> [TASK DESCRIPTION] Your answer must be the records below, repeated exactly, with every picture left out.

> [Entries taken from a collection]
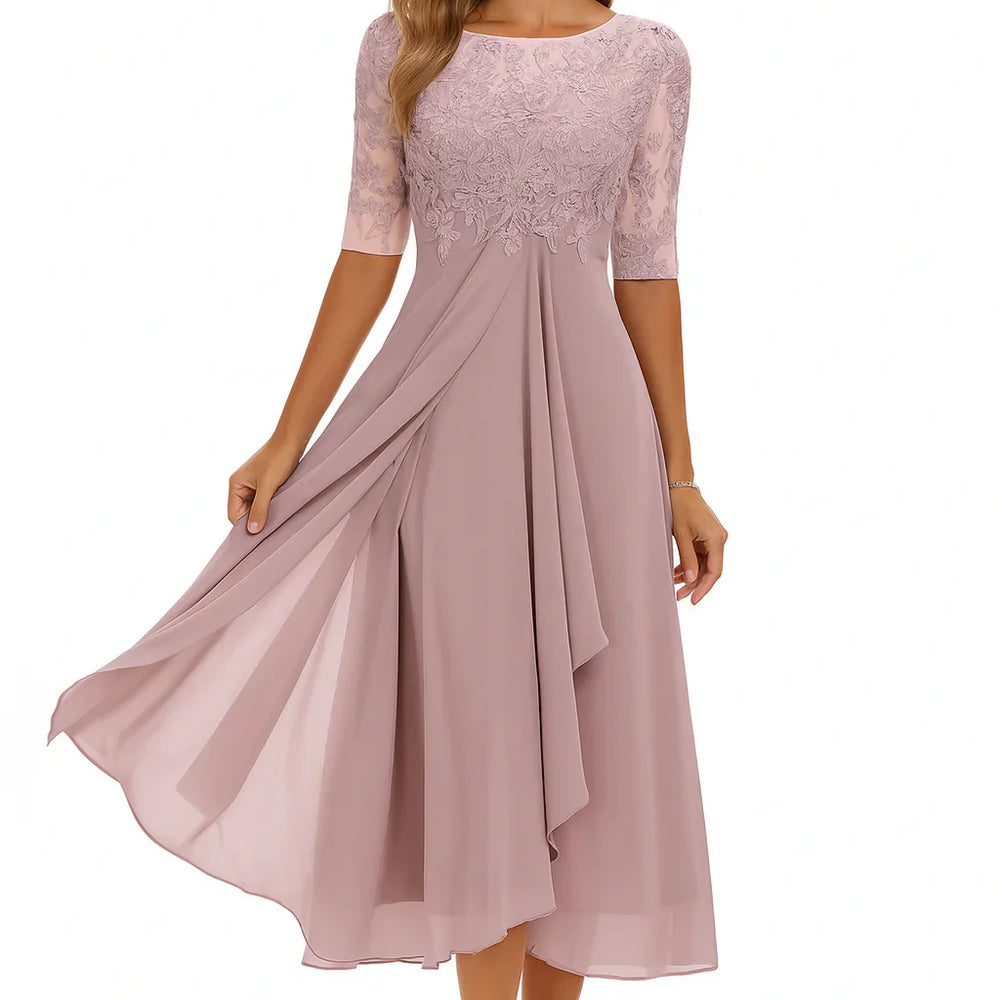Fionnuala | Lace Chiffon Midi Dress – Mother of the Bride & Wedding Guest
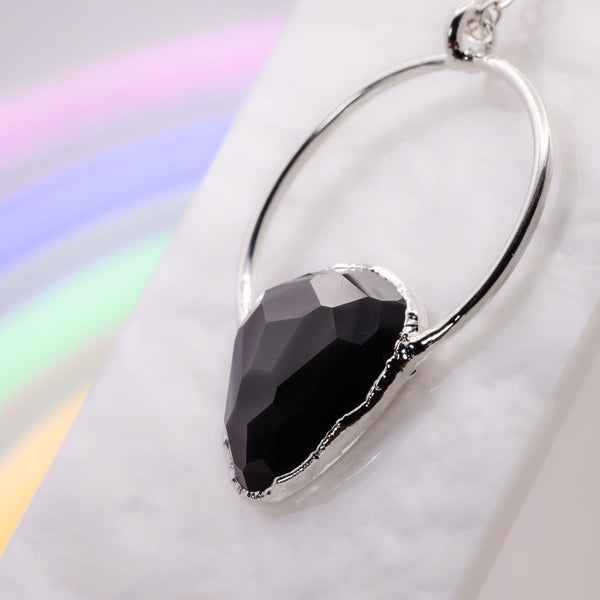 Rainbow Obsidian Inverted Teardrop Round Top Necklace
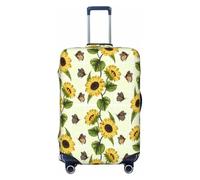 VOSERY Housse de bagage de voyage - Tournesols papillon jaune à carreaux housse lavable pour valise de 45,7 à 81,3 cm, noir, X-Large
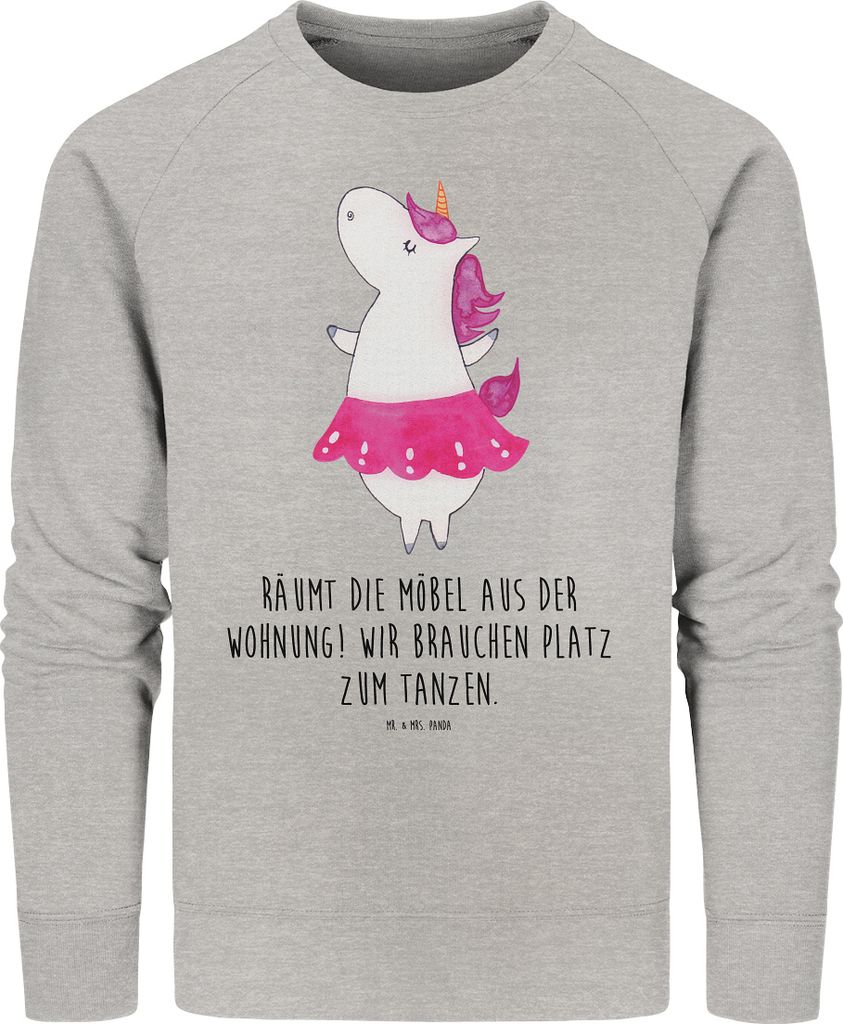 Mr. & Mrs. Panda Baumwoll Sweatshirt Einhorn Ballerina Größe S - Heather Grey - Geschenk, Pullover, Pulli, Bio, Unicorn, Einhörner, Tanzen, Swea...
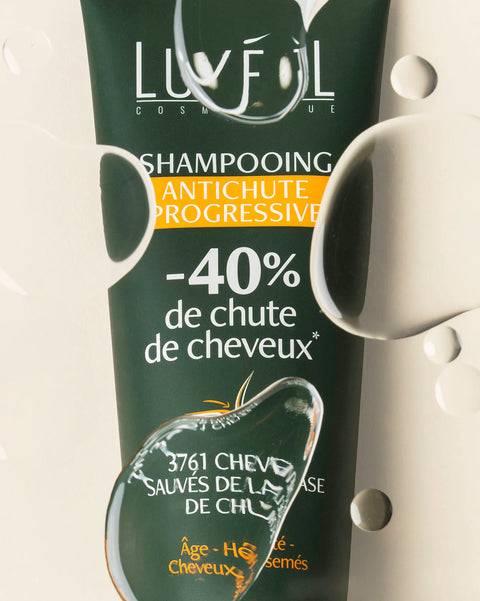 Luvéol shampooing antichute progressive bottle with text on a beige background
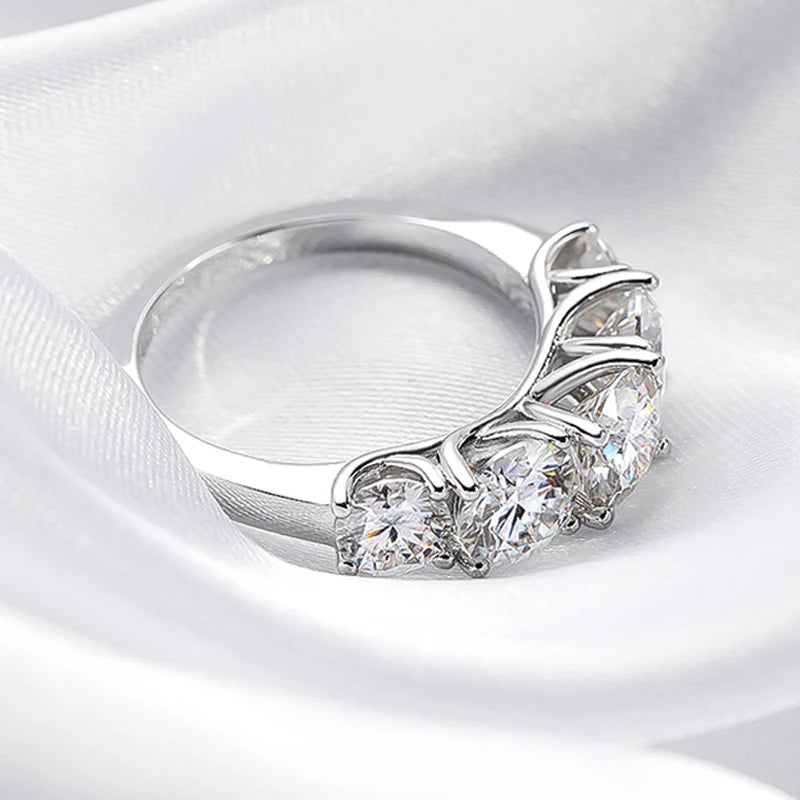 Stunning Elegance: Moissanite Five-Stone Wedding Band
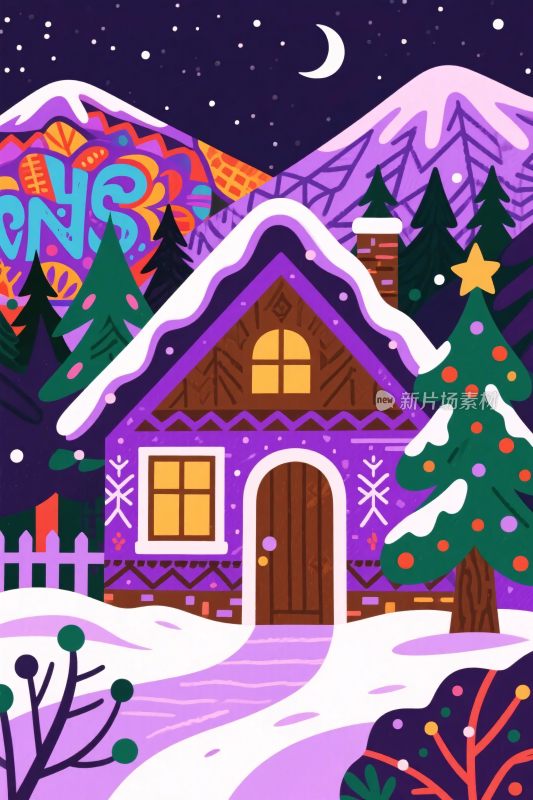冬季童话小屋插画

> [RESPONSE TO THIS TASK]
Fionnuala | Lace Chiffon Midi Dress – Mother of the Bride & Wedding Guest
 Rainbow Obsidian Inverted Teardrop Round Top Necklace
 VOSERY Housse de bagage de voyage - Tournesols papillon jaune à carreaux housse lavable pour valise de 45,7 à 81,3 cm, noir, X-Large
 Mr. & Mrs. Panda Baumwoll Sweatshirt Einhorn Ballerina Größe S - Heather Grey - Geschenk, Pullover, Pulli, Bio, Unicorn, Einhörner, Tanzen, Swea...
 Luvéol shampooing antichute progressive bottle with text on a beige background
 Stunning Elegance: Moissanite Five-Stone Wedding Band
冬季童话小屋插画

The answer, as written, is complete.